Question: Does JuiceFS open any more new connections to Redis at times other than the first time the mount, or does it reuse the connection established when the instant the mount connection was issued?

If JuiceFS does indeed try to establish new connections when read/writes increase, that could explain why the password is no longer valid, if more than 15 minutes have elapsed from the time the mount command was issued.

Is there a way we can make JuiceFS spawn multiple Redis connections (that are kept alive, so that MemoryDB doesn't terminate them) at the start so that read/write processes could just reuse these opened connections, rather than opening new ones on demand?

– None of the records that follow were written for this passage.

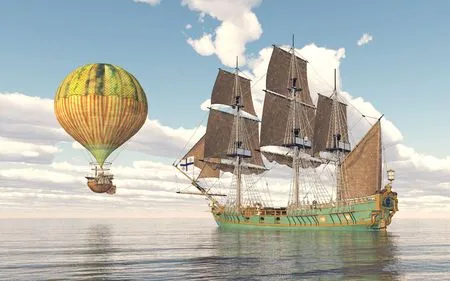 A sailing ship and an airship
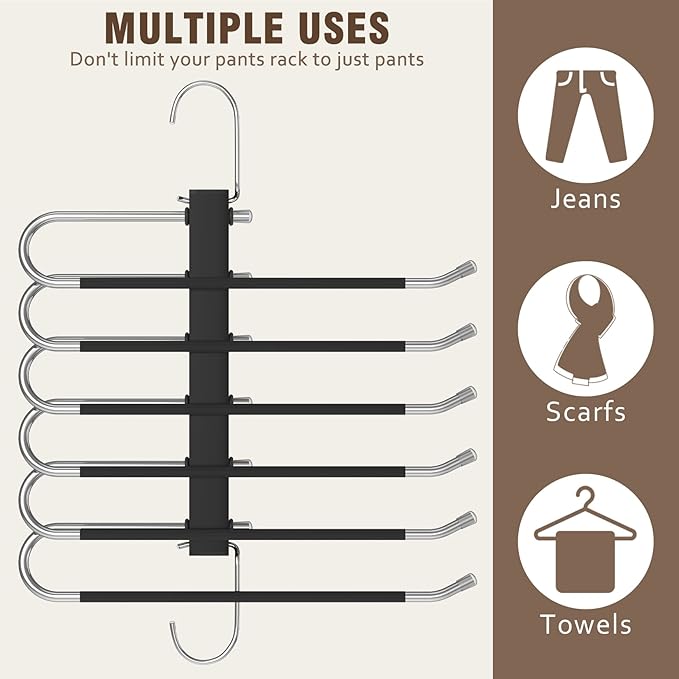 Space Saving 6 Tier Pant Hangers, Anti-Slip, Stainless Steel, 2 Pack, Black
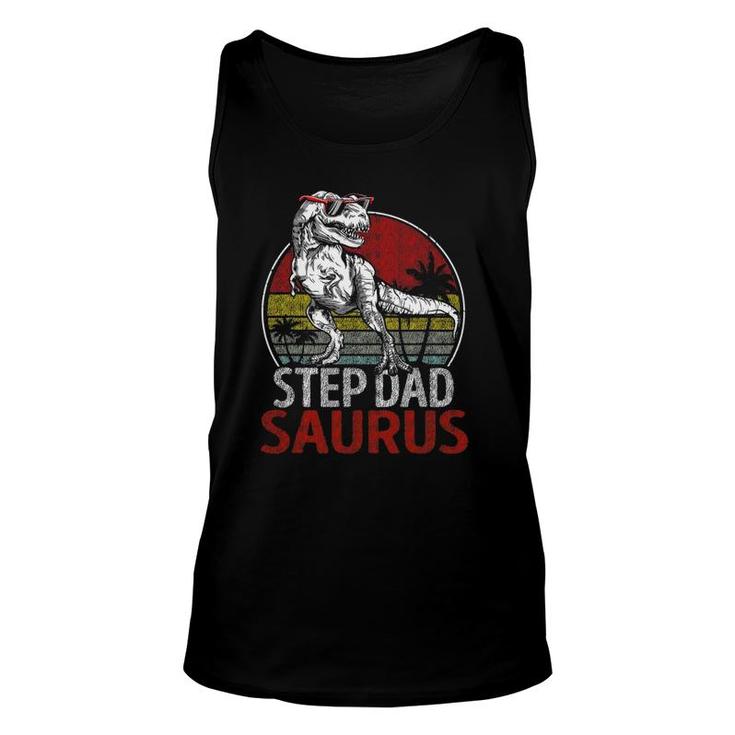 Step Dadsaurusrex Dinosaur Step Dad Saurus Family Unisex Tank Top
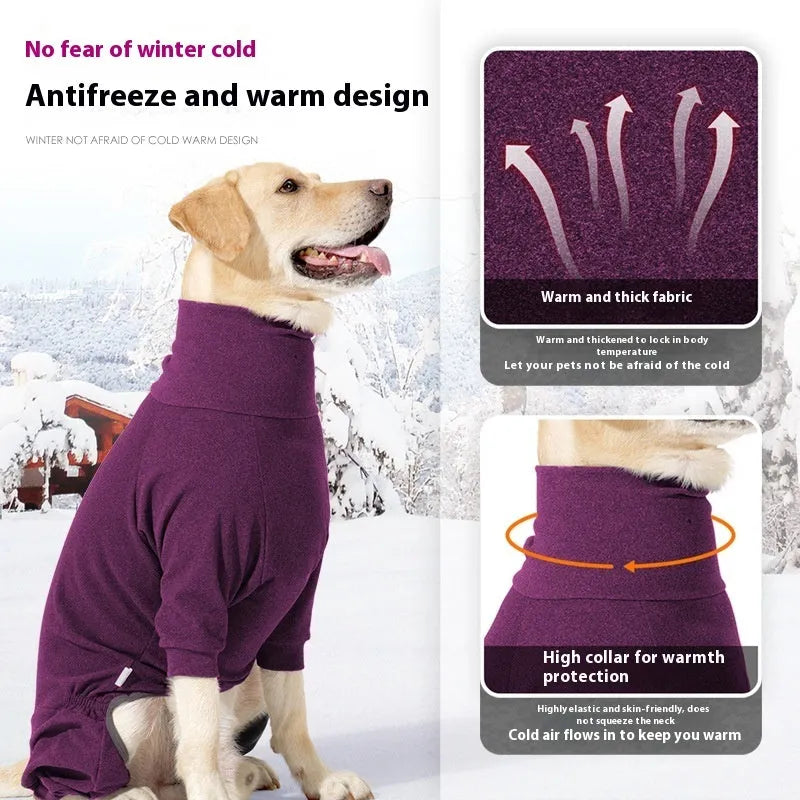 Dark grey polar fleece dog clothes with four legs and high collar design for winter wear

Thank you! P.S. JuiceFS rocks! We see significant performance gains over AWS EFS.

davies commented 2 months ago

The go-redis use a pool of connections to access MemoryDB, so the additional connections are created based on request/workload. A single connection can only handle a request/response at a time.

We could ask go-redis for this feature, but even with that, I think it will still be easy to run into this problem.